OK, so I have to ask myself what is it that has me the most annoyed, is it the fact that I love going into the City and we never do? The fact that Steve actually initiated going into the City and doing something other than trips to Target or Big Lots! ? Is it the fact that we've had this membership to CHAOS since Christmas and we've yet to use it? OR is it that I have a 7 year old son who refuses to use the toilet to pee and poop?

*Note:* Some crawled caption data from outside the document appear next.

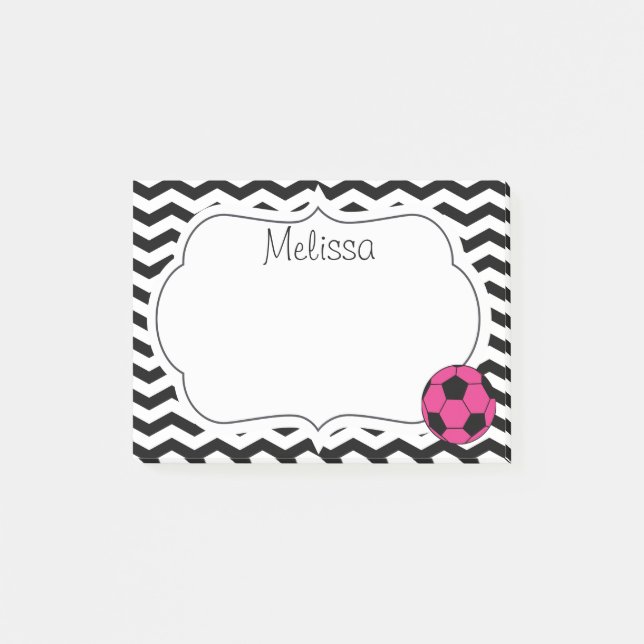 Pink Soccer Ball Chevron Monogram Notes (Front)
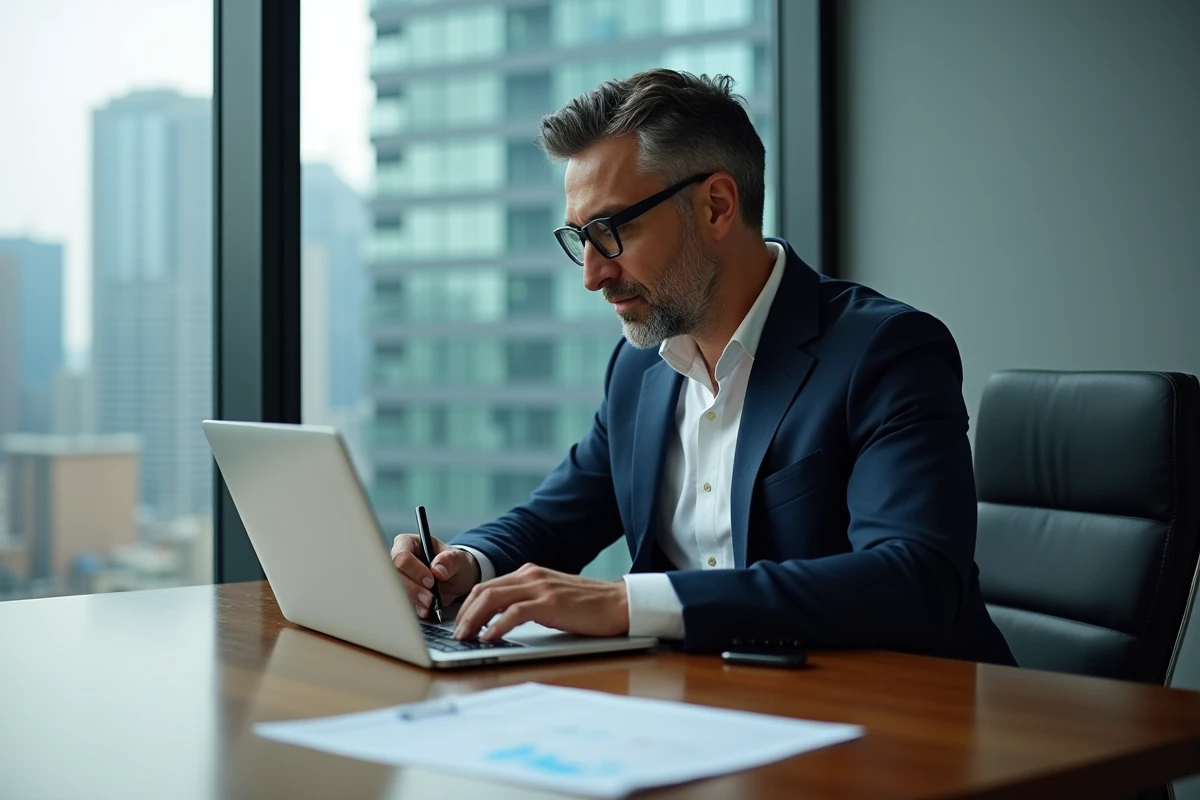 Homme d'affaires en costume navy et lunettes regardant un ordinateur
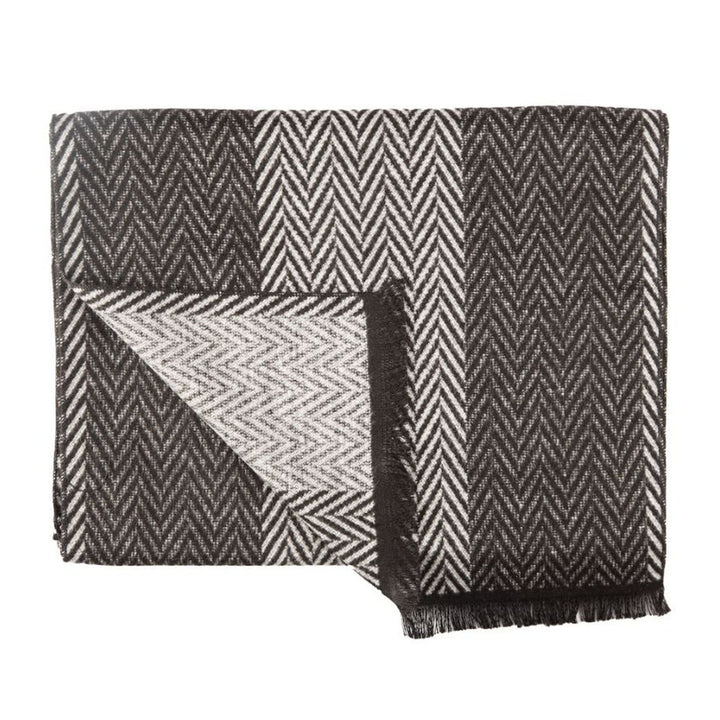 Black & White Herringbone Bamboo Scarf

Frankly it's a combination of all those things. I have been wanting to go to CHAOS forever and then I thought it would be fun to call our friends who live in the City to see if we could meet for dinner somewhere. So, yeah I'm bummed. I love going into the City. The entire potty training thing is so frustrating, really it truly is. Gabriel is not stupid, he knows what he is and what he is not doing. He is purposely NOT using the toilet. He knows we change in the bathroom, he will hand me the pull up and he'll sit on the potty and in the shower he will pee into the drain just like his dad taught him. So why does he refuse to use the toilet????? I just don't get it. I was so excited about our day today, I was ignoring my headache because I knew that we were going to have a good time. That one incident has really taken all the wind out of my sails and brought me down. I know that I'm not the only mom dealing with this and that's helpful but when the poop happens so badly, it's so hard to not want to scream my head off and then go cry into my pillow or go get a quart of ice cream and eat it all at one time or pour myself a shot (or 2) of tequila at 12:30 in the afternoon. I mean the child has no remorse, could care less how this makes me feel and is not willing to try at all. Did I forget to mention that he's 7? Having Down syndrome is no excuse, yet I think it's become his.

I guess it's time to clean up from my pity party and think about dinner. One more week of summer school and the potty training nazi will have to show herself. When will I get into the City? I don't know, hopefully soon our membership will expire on New Years Eve.